I recently re-read my first blog post about our sea change written under The Marketing Clan. The last sentence I wrote was a hopeful one, whether we would be here in two years time or not and establish a better work-life balance. Four years later, here we are in 2020. A lot has happened in between.
Along the way we have worked with some extraordinary clients in the Shoalhaven, Sydney, Melbourne, Canberra, and even Singapore. All very different businesses, but with one thing in common; they needed support in communicating their message and telling their story.
Some of these clients have come and gone after a quick project or some tactical work. Others have grown not only in terms of the work we’re doing with them, but also the kind of trusted relationships we have sparked.
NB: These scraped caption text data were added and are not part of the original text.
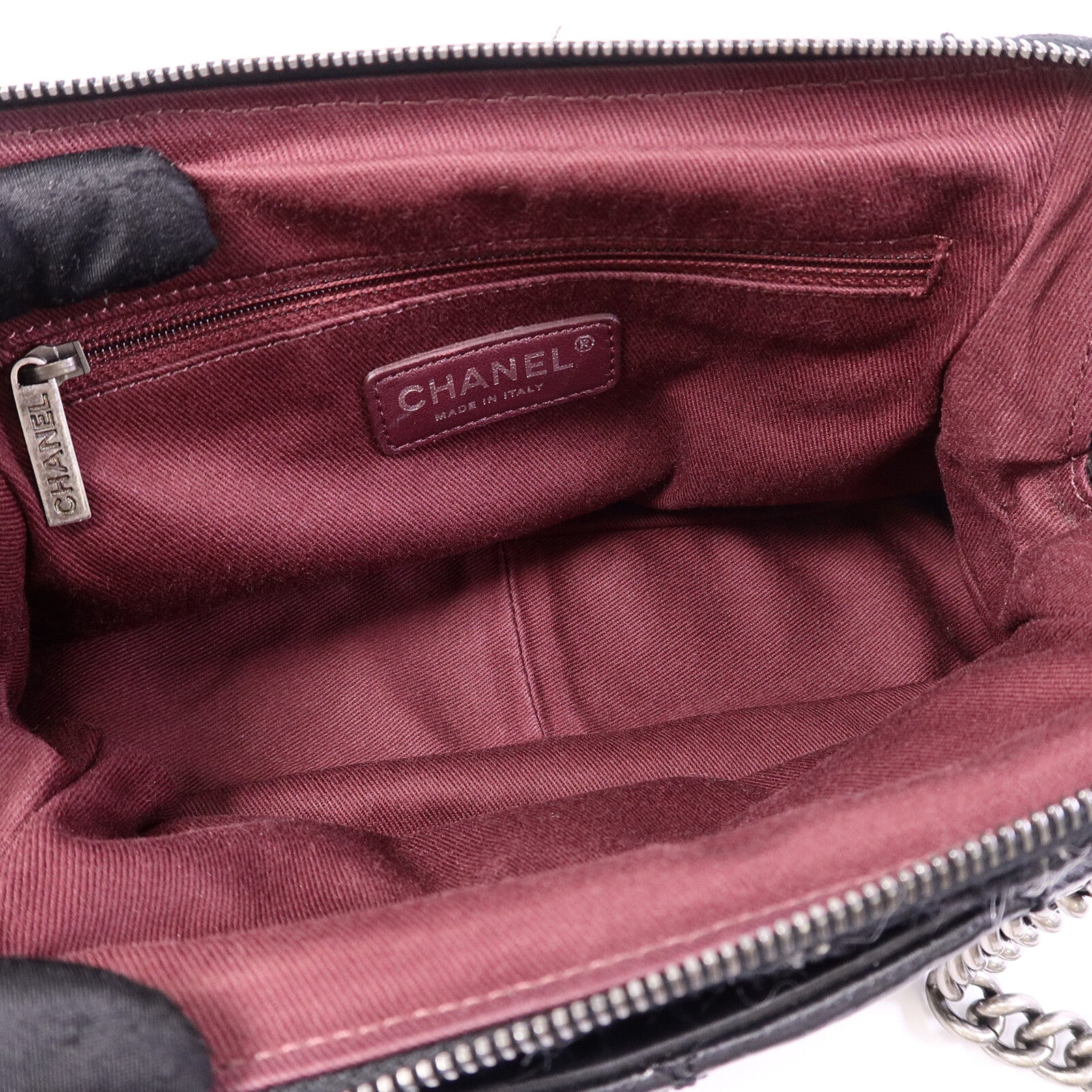 CHANEL Tweed/牛皮皮革Chain Shoulder Bag鏈帶肩背袋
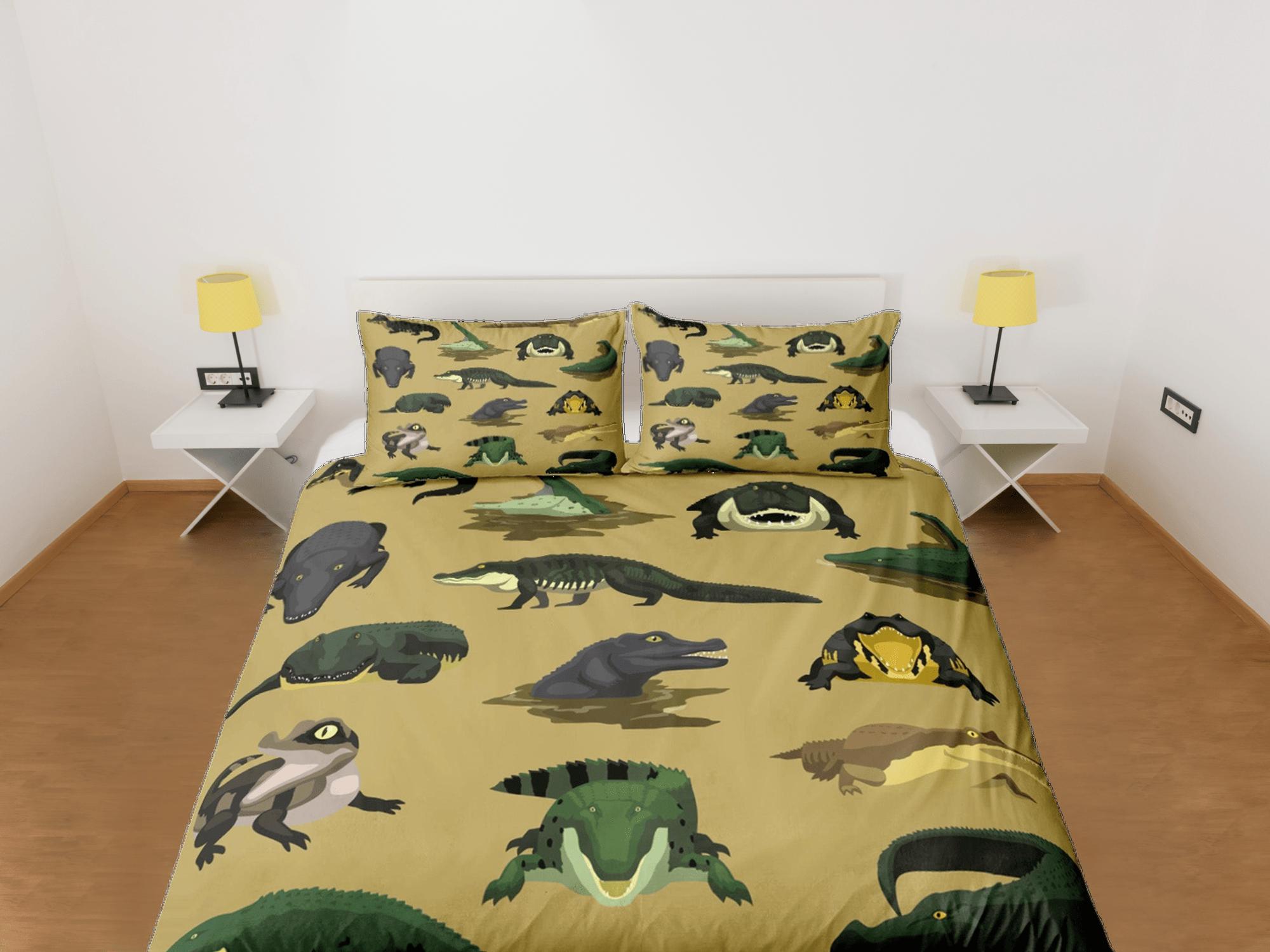 daintyduvet Crocodile bedding, kids bedding full, cute duvet cover set, crocodile nursery bed decor, colorful toddler bedding alligator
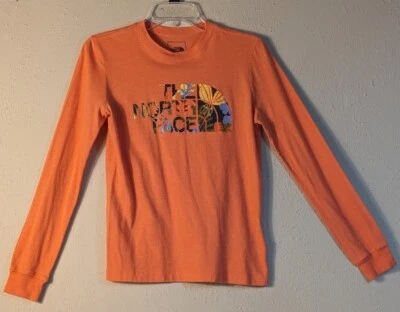 Camiseta gráfica manga larga The North Face XS naranja con logotipo deletreado para mujer  Foto 1 de 4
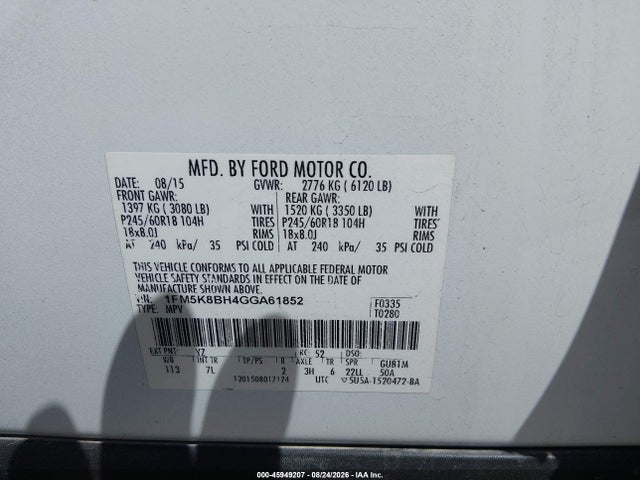 Продажа на аукционе авто 2016 Ford Explorer, vin: 1FM5K8BH4GGA61852, номер лота: 45949207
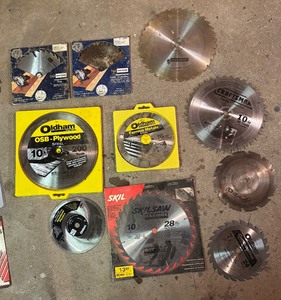 lot 195 image: Saw Blades by Oldham, Skil, Sears Craftsman, Power Kraft and More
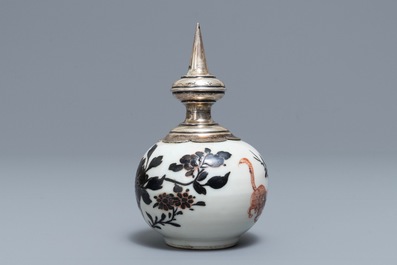 A Chinese iron red and overglaze black silver-mounted vase, 19th C.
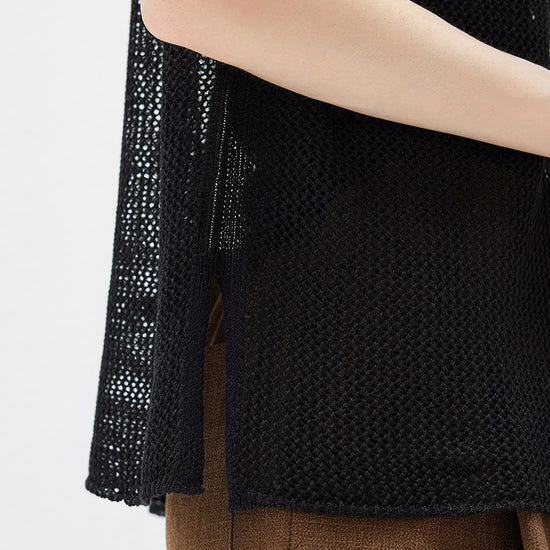 COMOBOCA Women's Sheer Mesh Knit Cap Sleeve Top with Side Slit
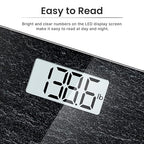 RENPHO Digital Bathroom Scale, Highly Accurate Body Weight Scale with Lighted LED Display, Round Corner Design, 400 lb, Core 1S, Marble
We are still in our infancy as a company, but we have big goals. The clan has grown from the original core team of friends, to now having even more like-minded marketing people that we have met along the way, here on the South Coast.
This is a great sign.
Why? It not only means that more people believe in and like what we have created, but what’s more, we’re seeing plenty more talented people making the change from the big smoke and out of corporate world, in search of a better balance in life.
This will be our seventh year living here and so far, I haven’t regretted the big move to the Shoalhaven. We have met so many great people along the way, some of whom have ended up working with us, and others who have become clients. I still stand by what I wrote four years ago – the Shoalhaven is full of surprises. It’s exciting and it keeps getting better.
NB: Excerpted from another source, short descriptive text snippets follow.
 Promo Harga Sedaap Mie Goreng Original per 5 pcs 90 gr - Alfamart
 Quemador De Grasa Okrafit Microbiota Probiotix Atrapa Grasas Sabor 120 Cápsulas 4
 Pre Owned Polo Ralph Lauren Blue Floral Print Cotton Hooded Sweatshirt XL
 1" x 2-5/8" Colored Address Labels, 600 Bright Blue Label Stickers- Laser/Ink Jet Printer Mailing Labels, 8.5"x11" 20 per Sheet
That’s not to say that it doesn’t have its challenges, both personally and professionally. Often I think it would be easier not to run your own show. To have somebody else take responsibility for the direction of the business, to be the financial controller, to mange recruitment, be the IT support and not having to worry about where the next new client is going to come from.
For anyone who has run their own show, you’ll no doubt understand. For those considering the jump, think carefully. It can be lonely. It’s tiring and can be stressful or frustrating at times. What’s more, the financial return may not be what you were used to, so you have to love what you do and be clear on what motivates you. There’s always a pay off. I am lucky that I have a very supportive wife who believes in what we do and is 110% behind me. Without her and some close mentors, it may have been a different story.
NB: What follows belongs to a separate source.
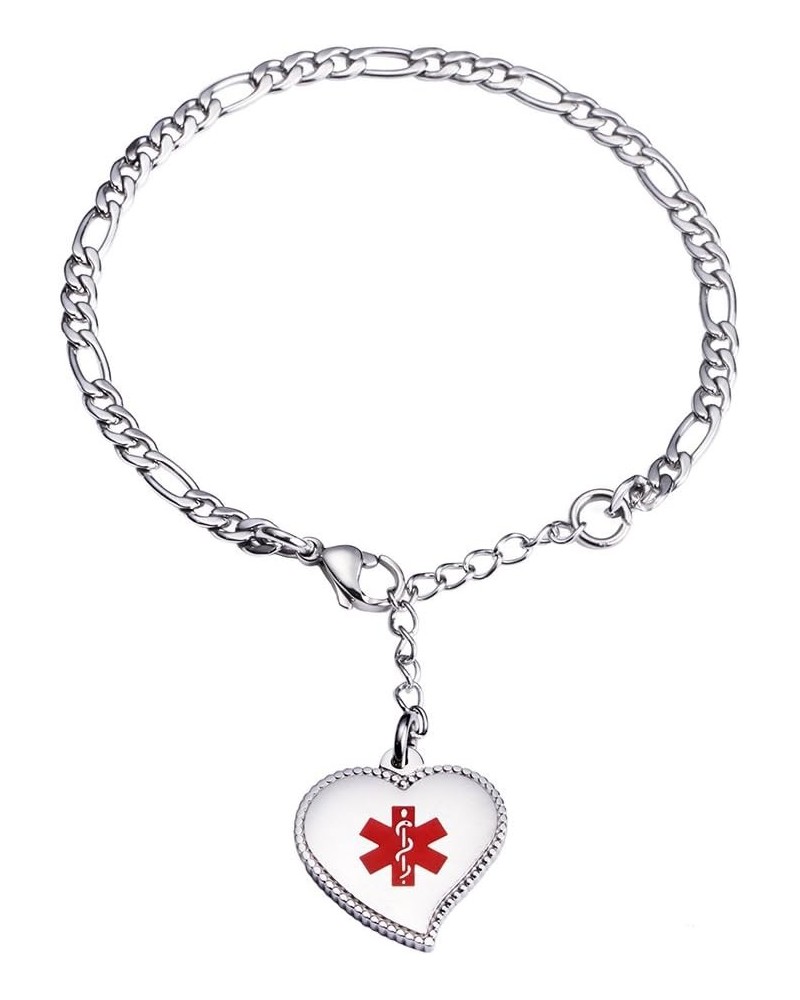 Fashion Heart medical alert id bracelet for women with Free engraving Figaro-SS-T1 $15.52 Bracelets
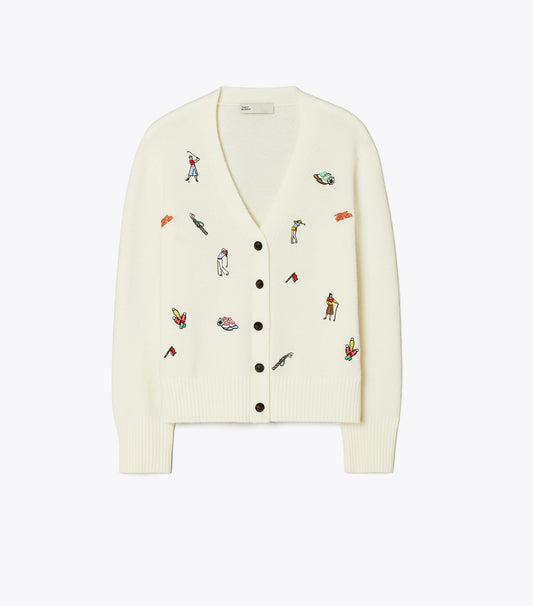 Tory Burch Trusted - Embroidered Golf Cardigan - New Ivory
Why did I choose to do this? I love what I do and I’m always learning, I meet new people every day and for me being able to help people is extremely fulfilling, especially when it means I can be part of the local community both personally and professionally. Doing it for yourself motivates you to be better, always. It also gives you a sense of achievement, whether it’s based on effort or results.
My objective was to achieve a work-life balance. I have a young family and I want to see them grow up and be present in their lives, as opposed to being stuck in the corporate world of commuting, endless meetings and traveling too much. There are many things I miss from that world, but not enough to change what I have now. I have the luxury of being able to go and watch the children in a school performance, or take them to the beach with the dog before ‘Close of Business’. I know that when they’re older, perhaps I won’t be needed as much (or maybe not cool enough), so that’s why being present today is important – a benefit that you don’t necessarily get from the average workplace.
Today I have that work-life balance.